“POTRET KASIH ALLAH”
07 Mei 2018
Lagi, Mazmur yang Mengutuk
“Orang-orang
yang membenci aku tanpa alasan lebih banyak dari pada rambut di kepalaku…Biarlah
mereka dihapuskan dari kitab kehidupan, janganlah mereka tercatat bersama-sama
dengan orang-orang benar!” (Mazmur 69:5-29).
Apakah arti kata terakhir dalam judul renungan kita
hari ini—“Mengutuk”? Di dalam Kamus Besar Bahasa Indonesia kita menemukan kata
kerja “mengutuk” artinya mengatakan (mengenakan) kutuk, memohon kesusahan atau
bencana menimpa seseorang. Dan terdapat cukup banyak syair semacam itu di dalam
Mazmur. Dalam gejolak emosi mereka, para pemazmur menyalurkan perasaan mereka,
berharap bukan yang terbaik tapi yang terburuk menimpa lawan-lawan mereka. Sebenarnya
kita semua juga barangkali pernah mengalami perasaan-perasaan seperti itu.
Mengucap berkat atau kutuk di dalam masyarakat
Timur Dekat kuno adalah hal yang serius, karena ada anggapan bahwa akibat yang
diharapkan itu akan benar-benar terjadi. Ini berarti bahwa berkat atau kutuk
adalah contoh-contoh Bahasa performatif. Asumsinya adalah bahwa ada kuasa di
dalam kata-kata—ucapkan dan tunggulah sementara berkat atau kutuk menjadi
kenyataan. Mengutuk di zaman Alkitab juga hal yang serius—lebih serius
ketimbang sumpah serapah seorang tukang kayu kepada martil yang melesat dan
mengenai jempol tangannya. Tukang kayu itu tahu di dalam hatinya bahwa
kutukannnya tidak akan berakibat apa-apa.

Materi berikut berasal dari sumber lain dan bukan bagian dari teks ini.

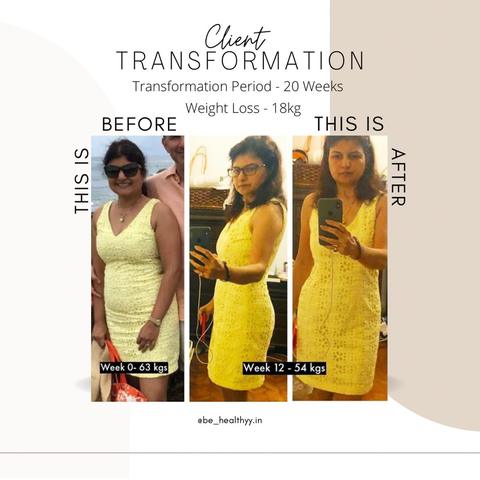 Client before and after photos: 18 kg lost in 20 weeks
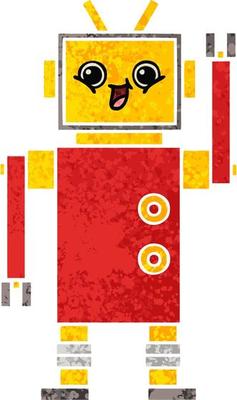 retro illustration style cartoon robot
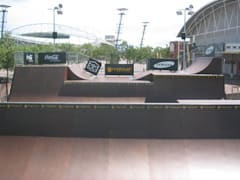 Skateboarding at Monster Skatepark in Sydney Olympic Park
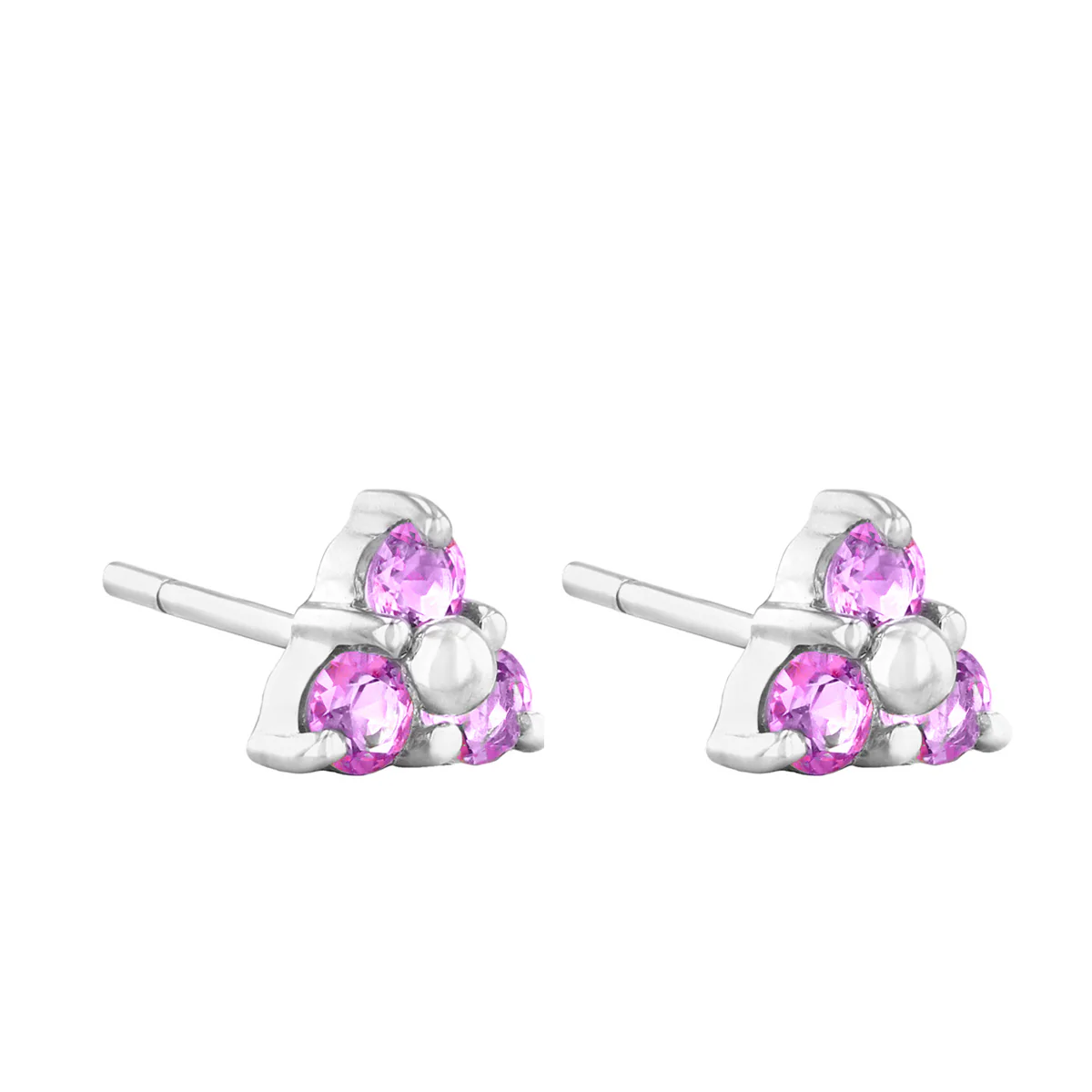 Birthstone Collection 0.38ct Pink Sapphire Trefoil Earrings | 9K White Gold - Image 3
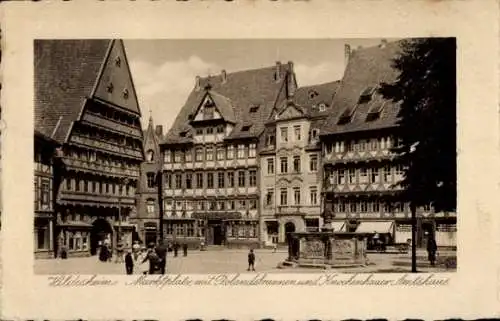 Ak Hildesheim in Niedersachsen, Hildesheim Marktplatz, Rolandsbrunnen, Knochenhauer Amtshaus
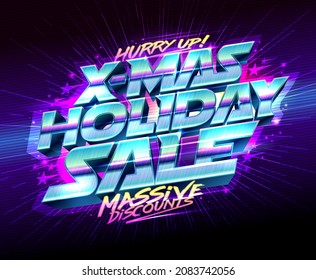 X-mas holiday sale, vector christmas discounts poster mockup with 3D lettering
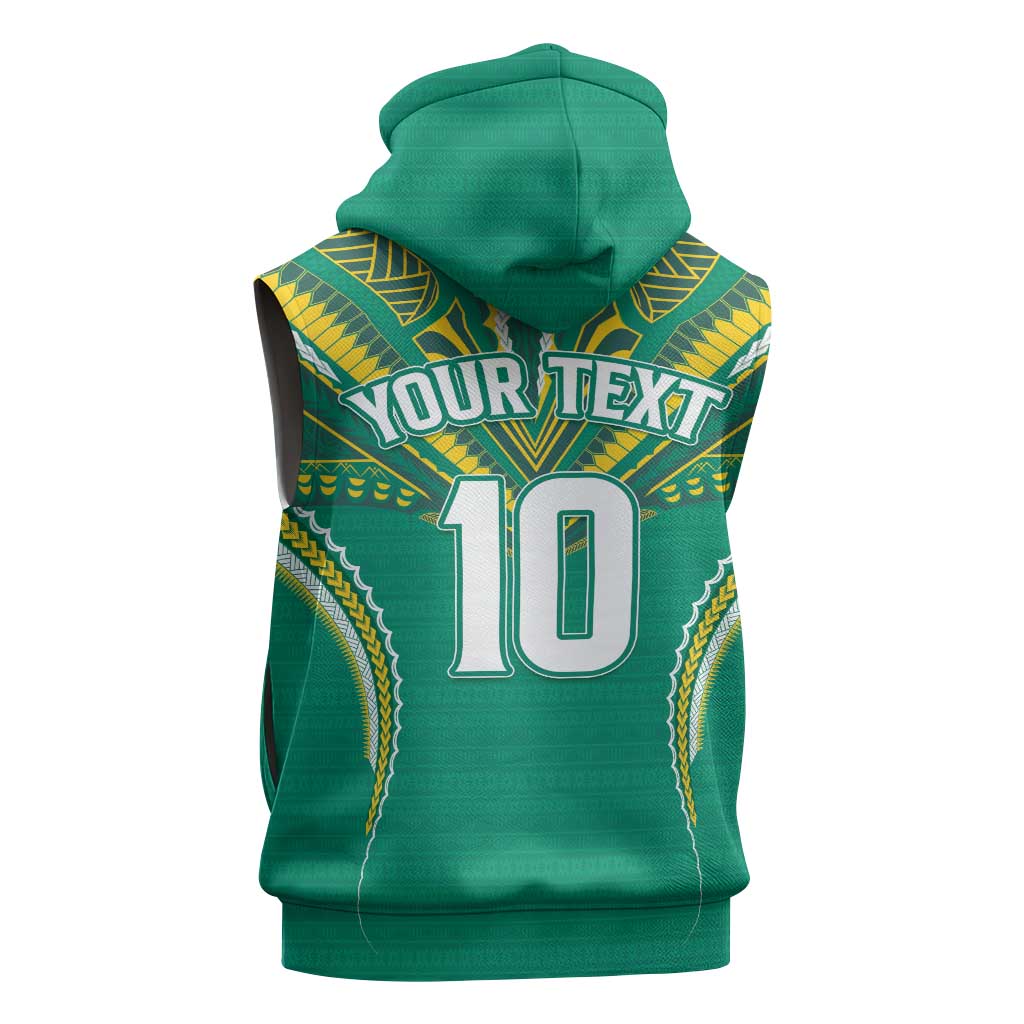 Custom Cook Islands Rugby Sleeveless Hoodie Tatau Art Sport Style Green Color LT03 - Polynesian Pride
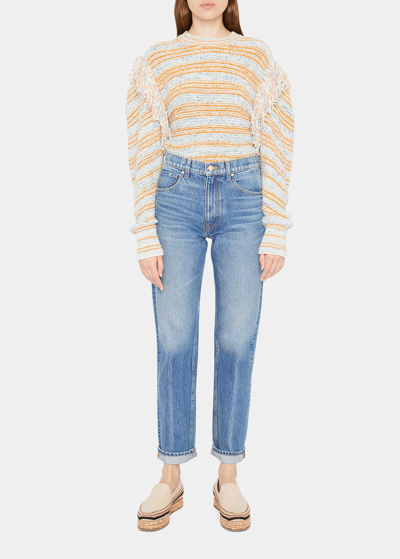 Shop Ulla Johnson The Daphne Straight-leg Cuffed Denim Jeans In Danube Mediu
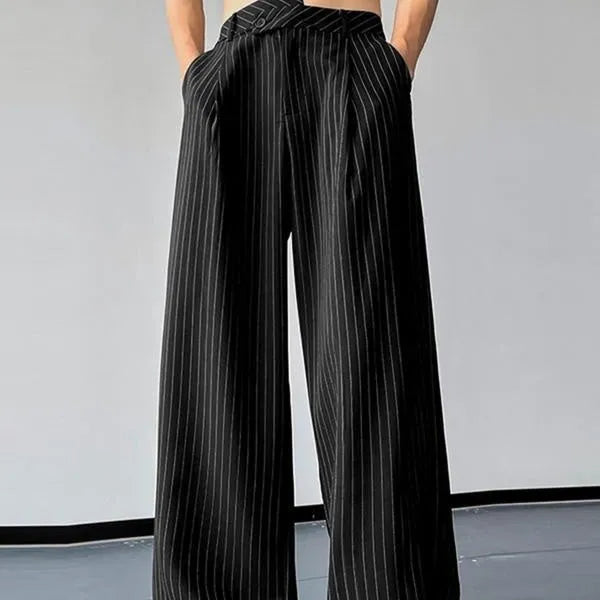 Black men's casual trousers with vertical stripes and front pleats made from rabbit hair and bamboo fibre.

Penulis Mazmur 69 sedang frustasi. Segala sesuatunya
tidak berjalan sesuai keinginannya. Nampaknya lawan-lawannya berada di atas angin.

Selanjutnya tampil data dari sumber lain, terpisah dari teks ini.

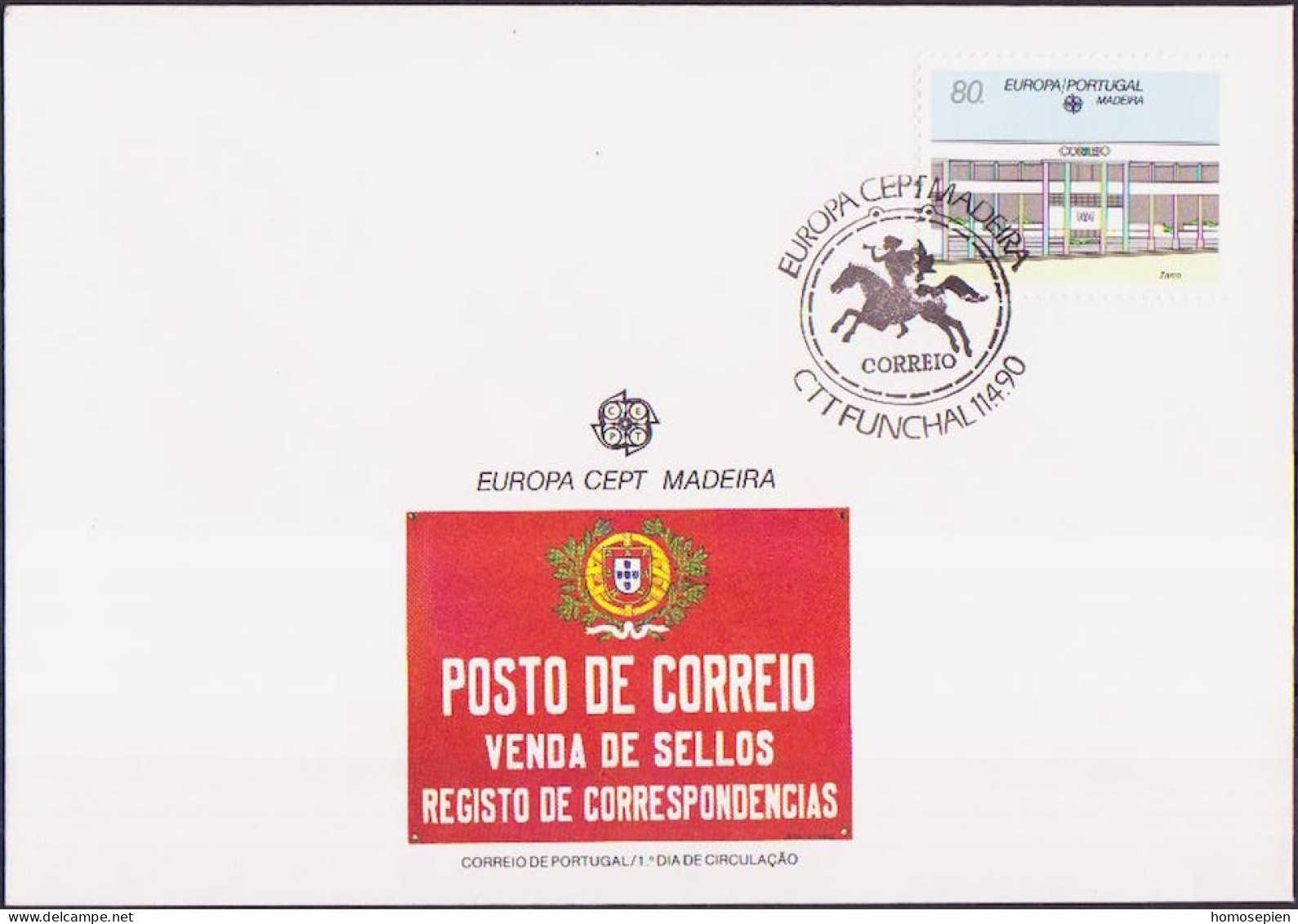 Europa CEPT 1990 Madère - Madeira - Portugal FDC Y&T N°140 - Michel N°133 - 80e EUROPA - 1990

“Dengan kecapi peminum-peminum menyanyi tentang aku” (ay.13). di manakah Allah?
“janganlah sembunyikan wajah-Mu…, sebab aku tersesak; segeralah menjawab aku!”

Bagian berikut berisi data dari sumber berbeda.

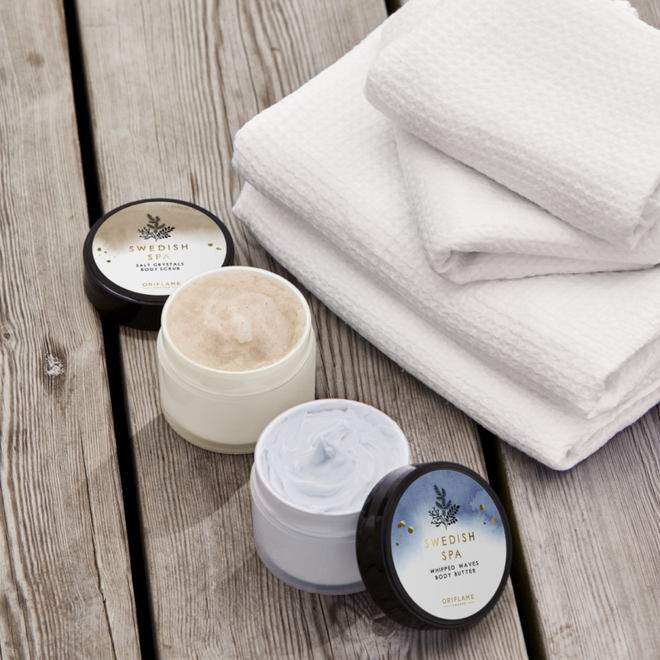 Swedish Spa Esfoliante Corporal, 200 ml, €16, e Swedish Spa Manteiga Corporal, 200 ml, € 15, Oriflame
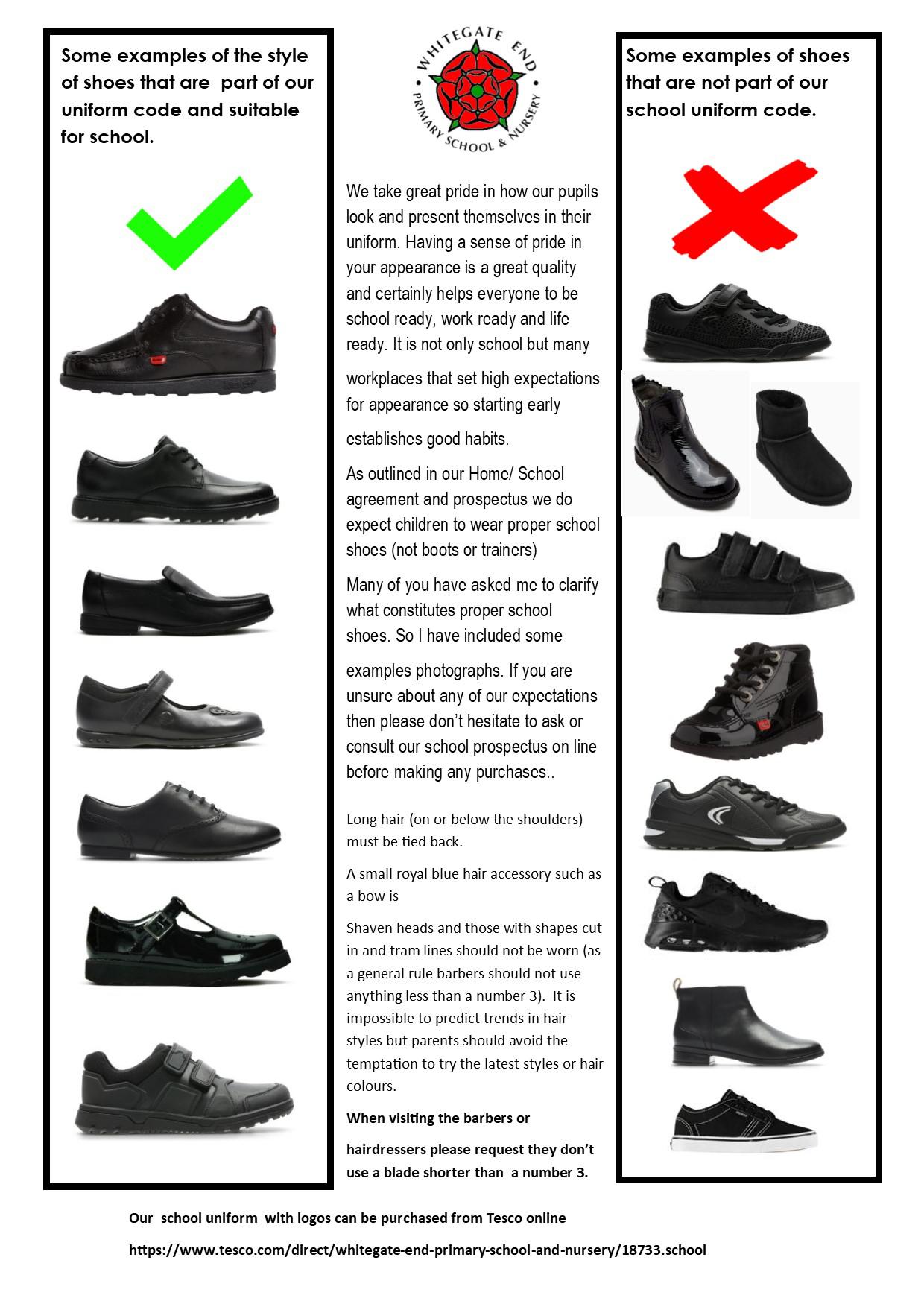 Examples of school shoes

(ay.18). “Biarlah mereka dihapuskan dari kitab kehidupan, janganlah mereka tercatat
bersama-sama dengan orang-orang benar!” (ay.29).
Akan tetapi…bagaimana bila harapan pemazmur itu
disandingkan dengan ucapan Yesus di kayu salib: “Ya Bapa, ampunilah mereka,
sebab mereka tidak tahu apa yang mereka perbuat” (Luk.23:34).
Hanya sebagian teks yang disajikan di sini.